## Available records

******

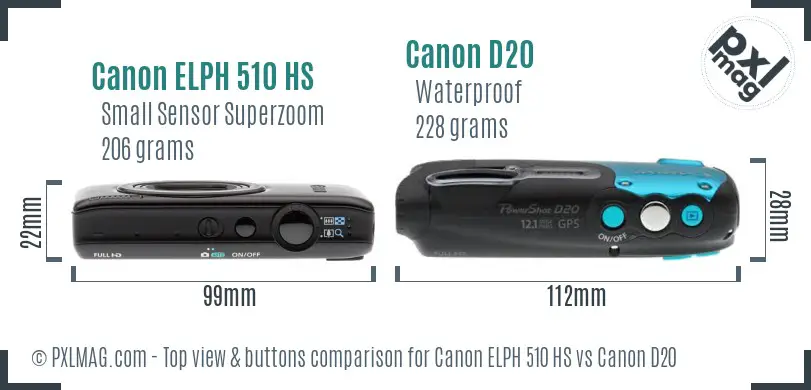 Canon ELPH 510 HS vs Canon D20 top view buttons comparison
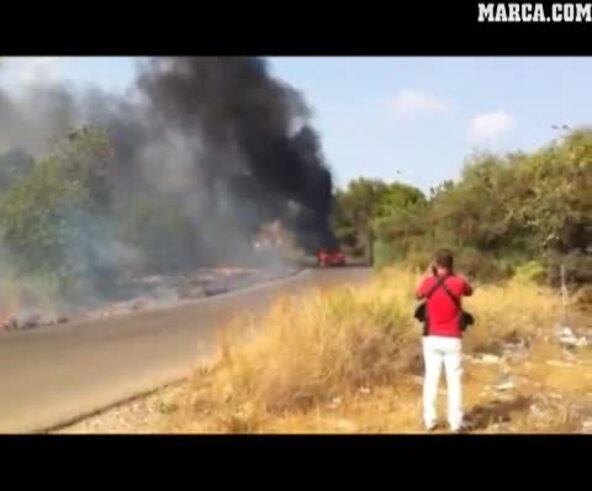 Cómo se prendió fuego la Ferrari de Ever Banega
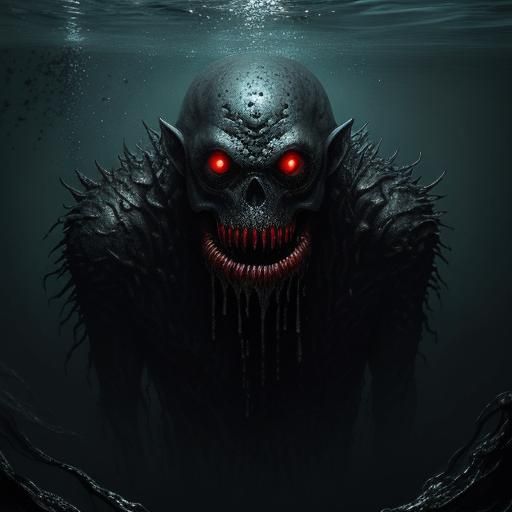 Lovecraftian Horror Creature Devouring Diver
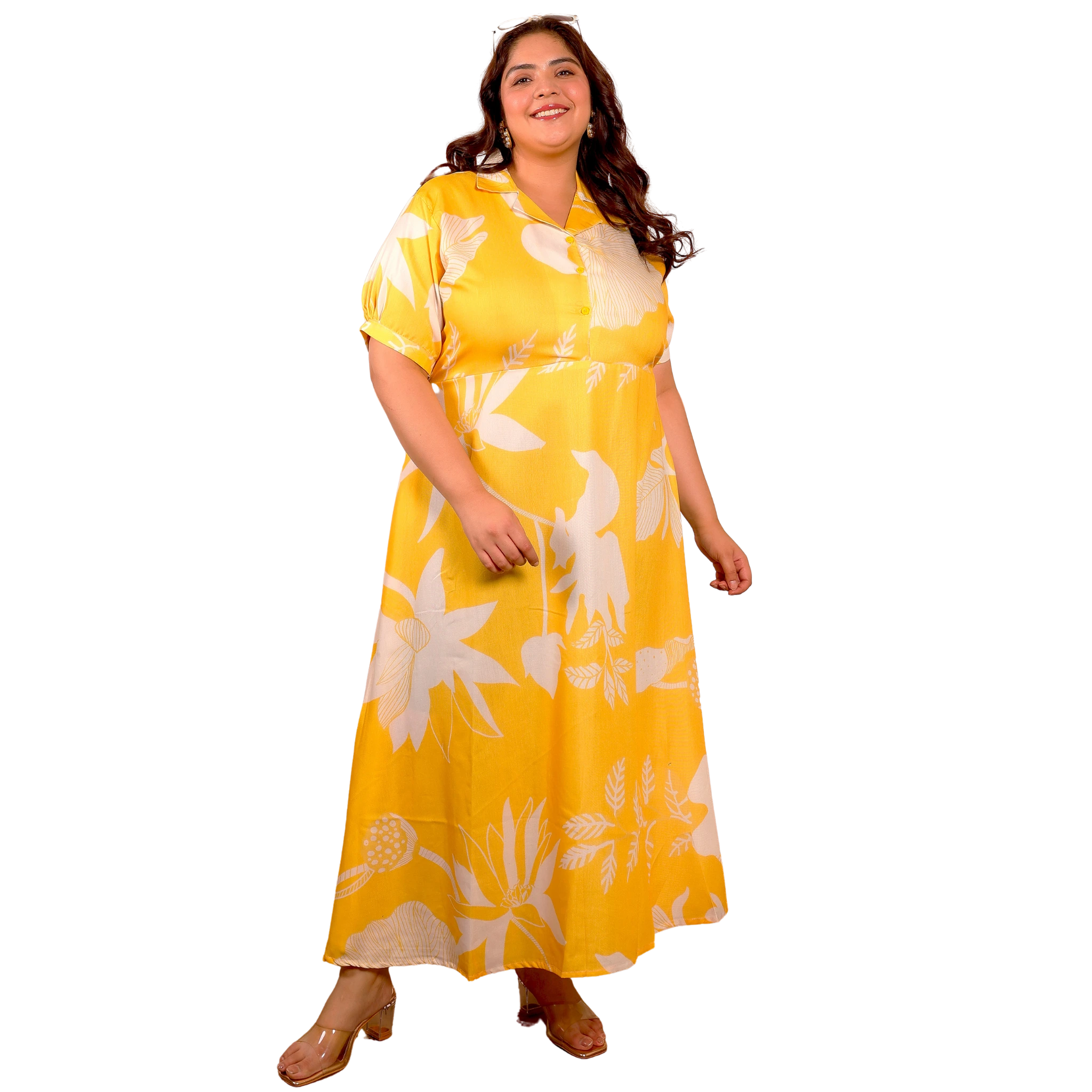 Yellow And White Floral Maxi Plus Size Dress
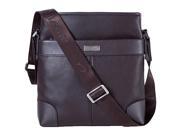 80801 S Lulisar Fashion Business Litchi Texture Genuine Leather Single Shoulder Bag Coffee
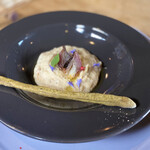 Aso うぶやま キュッフェ - 焼き玉葱と大豆の食べるスープ〜エゴマのグリッシーニ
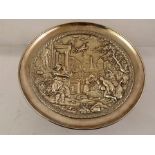 A SILVER PLATED TAZZA in the manner of Elkington, raised classical design figures within an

******

## Your assignment
Nothing but the lines from the one containing "Lovecraftian Horror Creature Devouring Diver" through the end of the entries is to be retyped, exactly as written and without pictures.

## Solution for this problem
 Lovecraftian Horror Creature Devouring Diver
 Yellow And White Floral Maxi Plus Size Dress
 80801 S Lulisar Fashion Business Litchi Texture Genuine Leather Single Shoulder Bag Coffee
 Aso うぶやま キュッフェ - 焼き玉葱と大豆の食べるスープ〜エゴマのグリッシーニ
 A SILVER PLATED TAZZA in the manner of Elkington, raised classical design figures within an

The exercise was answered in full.